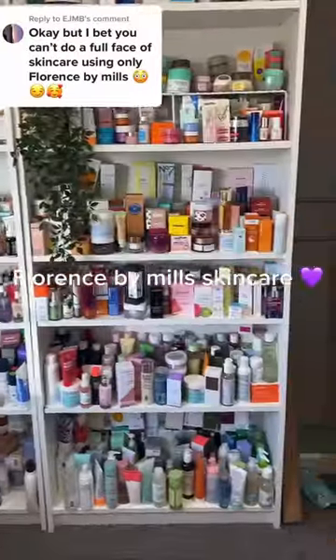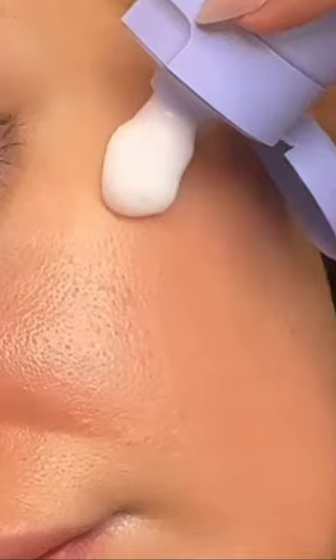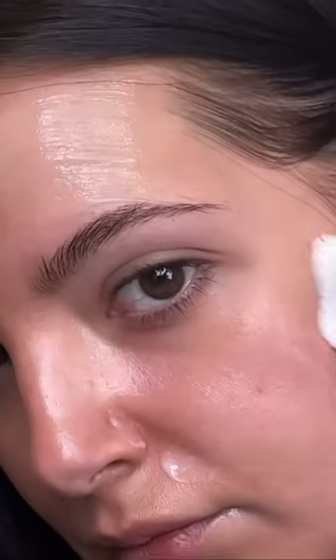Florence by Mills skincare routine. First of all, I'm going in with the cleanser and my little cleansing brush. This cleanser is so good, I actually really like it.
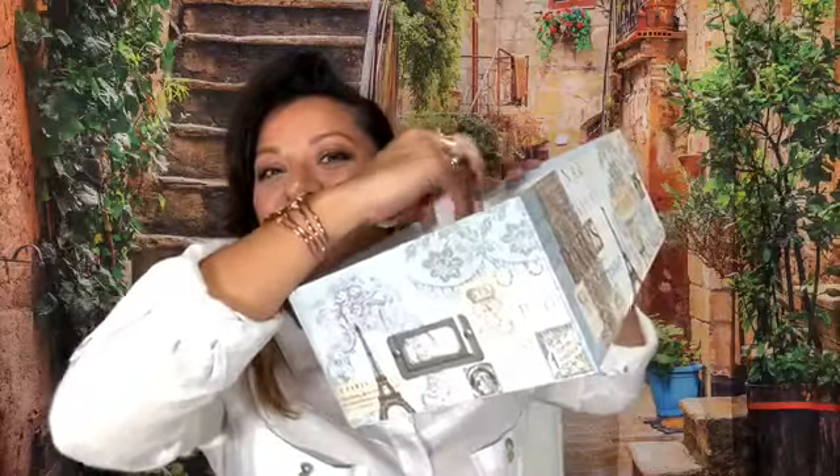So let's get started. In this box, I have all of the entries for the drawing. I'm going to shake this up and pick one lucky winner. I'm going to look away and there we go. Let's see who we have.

* * *

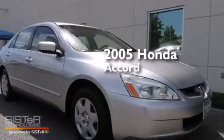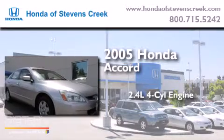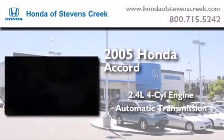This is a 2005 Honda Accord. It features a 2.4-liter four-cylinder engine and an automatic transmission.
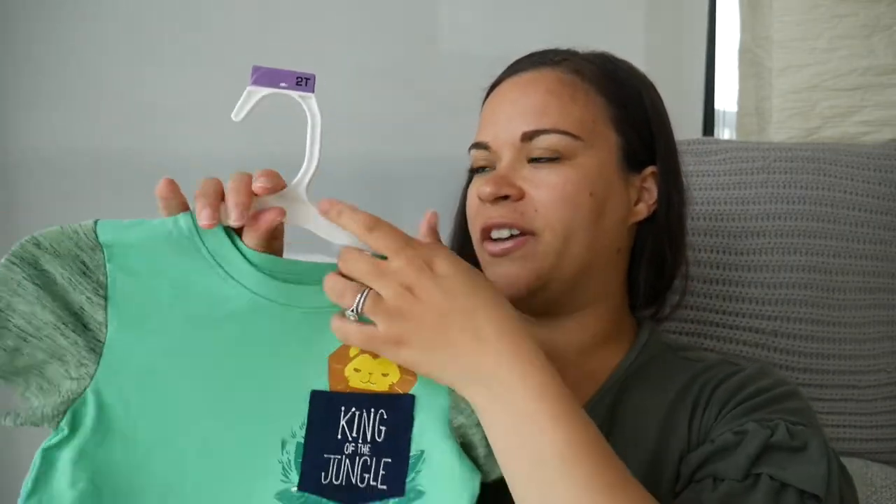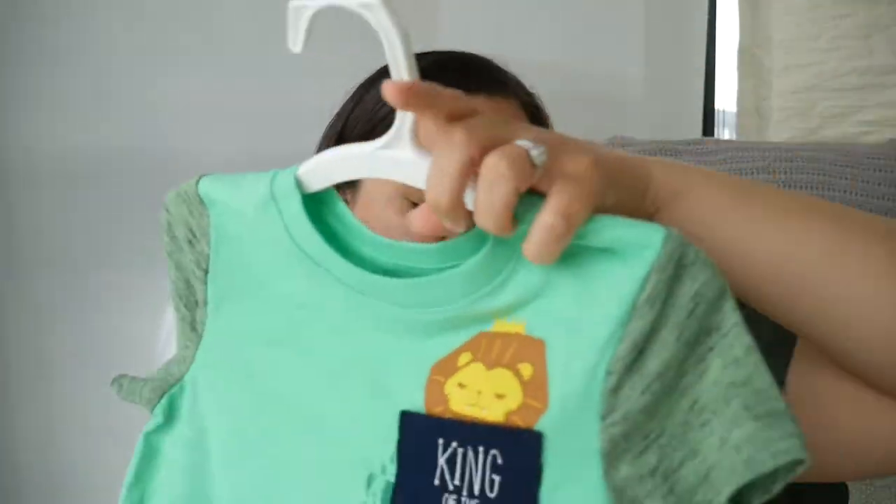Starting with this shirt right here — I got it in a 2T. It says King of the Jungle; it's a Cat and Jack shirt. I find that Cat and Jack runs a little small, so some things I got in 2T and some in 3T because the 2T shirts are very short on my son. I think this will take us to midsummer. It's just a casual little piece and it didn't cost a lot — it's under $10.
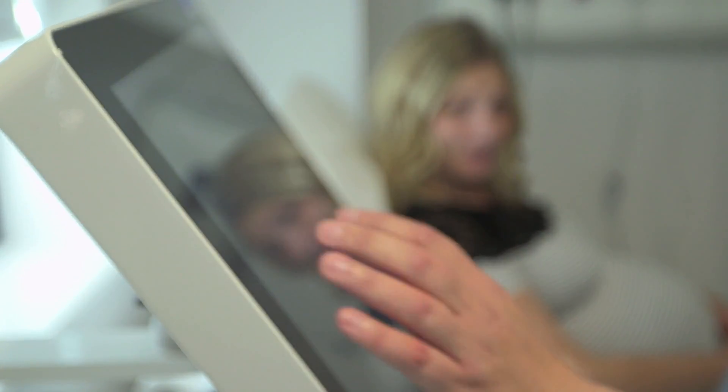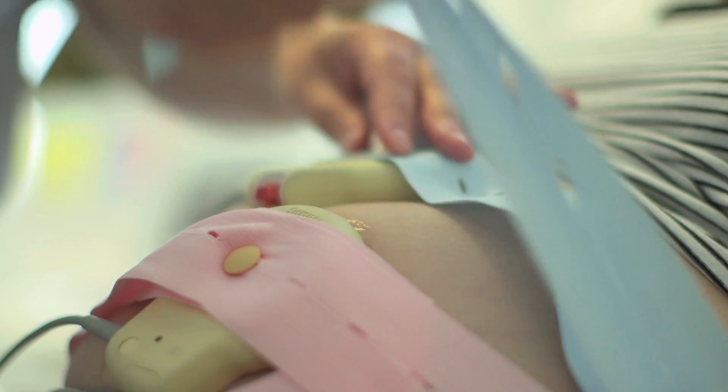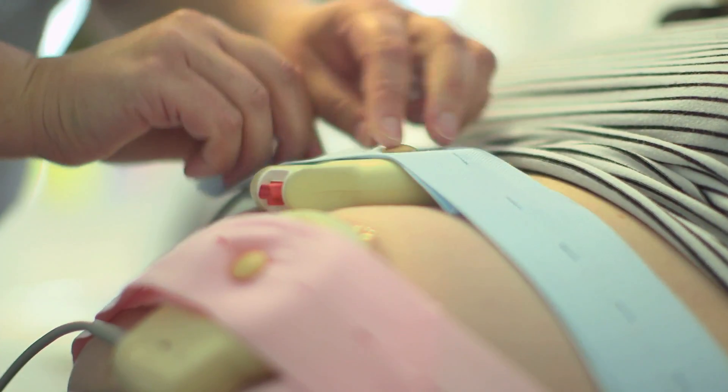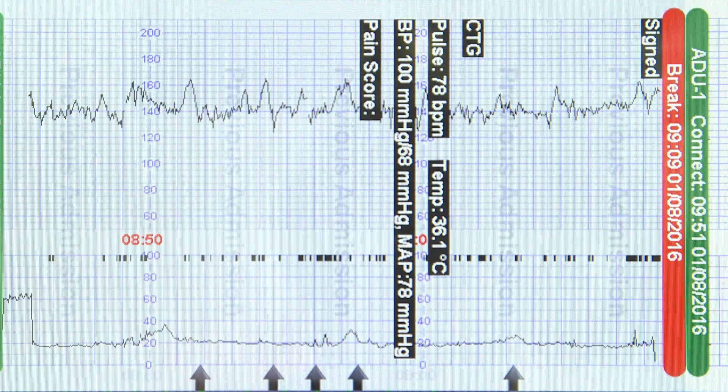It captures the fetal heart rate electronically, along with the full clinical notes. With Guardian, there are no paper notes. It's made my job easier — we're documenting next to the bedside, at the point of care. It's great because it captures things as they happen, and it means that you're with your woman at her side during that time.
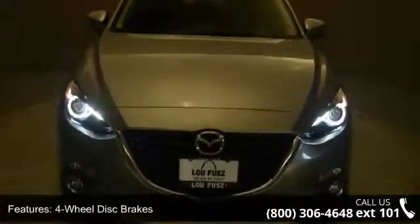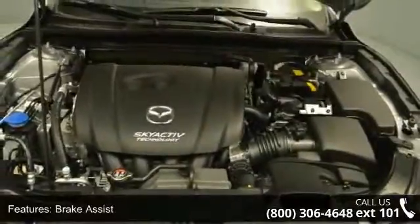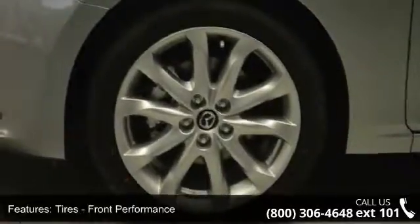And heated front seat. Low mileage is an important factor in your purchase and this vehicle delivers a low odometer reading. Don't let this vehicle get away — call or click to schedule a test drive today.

- **INSTRUCTIONS FOR THE TASK**: A word-for-word reproduction is needed of the lines above from the line containing "This is a 2005" through the line containing "And heated front", with both ends kept and no pictures.

- **ANSWER TO THIS TASK**:
This is a 2005 Honda Accord. It features a 2.4-liter four-cylinder engine and an automatic transmission.
Starting with this shirt right here — I got it in a 2T. It says King of the Jungle; it's a Cat and Jack shirt. I find that Cat and Jack runs a little small, so some things I got in 2T and some in 3T because the 2T shirts are very short on my son. I think this will take us to midsummer. It's just a casual little piece and it didn't cost a lot — it's under $10.
It captures the fetal heart rate electronically, along with the full clinical notes. With Guardian, there are no paper notes. It's made my job easier — we're documenting next to the bedside, at the point of care. It's great because it captures things as they happen, and it means that you're with your woman at her side during that time.
And heated front seat. Low mileage is an important factor in your purchase and this vehicle delivers a low odometer reading. Don't let this vehicle get away — call or click to schedule a test drive today.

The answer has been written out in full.